George Papadopoulos and Michael Flynn were charged with making false statements to federal investigators, while Clinton campaign cronies Glenn Simpson and Christopher Steele’s false statements to Congress and the FBI were ignored. Trump’s nonexistent Russian connections were plumbed while a dubious Clinton campaign-funded dossier sourced directly to Russian officials was used as a prosecutorial roadmap rather than rock-solid evidence of actual campaign collusion with the Kremlin.
Mueller claimed his report spoke for itself, then put together a completely unnecessary press conference more than a month after his report’s public release, in which he not just spoke for the report, but expounded on the new legal standards he created to govern its conclusions.
These are the actions not of an impartial and independent investigator, but of a scheming political operative. None of this is any surprise to anyone who has followed Mueller’s tenure in government. As FBI director, Mueller repeatedly misused and abused the authority granted to him by Congress.
Mueller and Comey utterly bungled the federal investigation into the 2001 Anthrax attacks, resulting in a $5.8 million judgment against the government after the two men falsely accused an innocent man of being behind the attacks.
Even after the court judgment against him, Mueller was defiant.
“I do not apologize for any aspect of the investigation,” Mueller said afterward. He then doubled down and said it would be wrong to say there were any mistakes in how he handled the investigation.

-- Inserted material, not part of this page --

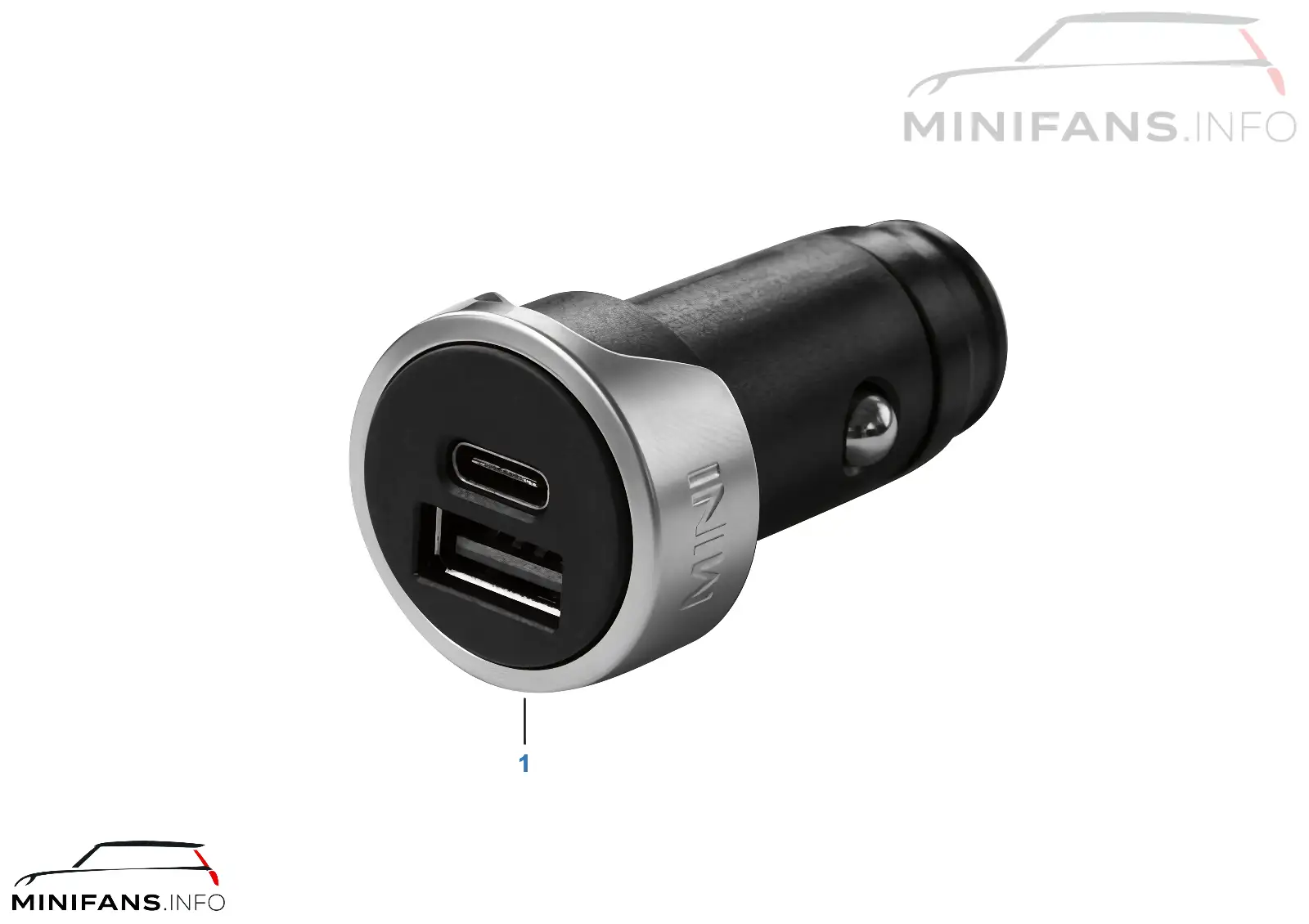 MINI USB 充电器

Then there was Mueller’s handling as FBI director of a case in which FBI agents framed innocent men of murders the FBI knew had been committed by their own informants. One of the innocent men died in prison awaiting justice for a crime he never committed.
Then, as special counsel to investigate Russian collusion during the 2016 campaign, Mueller promptly hired partisan Democrats to run his investigation. He tapped as investigators FBI personnel who openly discussed their hatred of Trump and his voters, as well as their plans to keep him out of office.
There’s no longer any doubt about who Robert Mueller is or why he conducted himself the way he did. As abominable as his press conference was, we should in many ways be thankful that Mueller so willingly displayed for all to see his disdain for basic rules of prosecutorial conduct, his total lack of self-awareness, and his naked desire to stick it to Trump.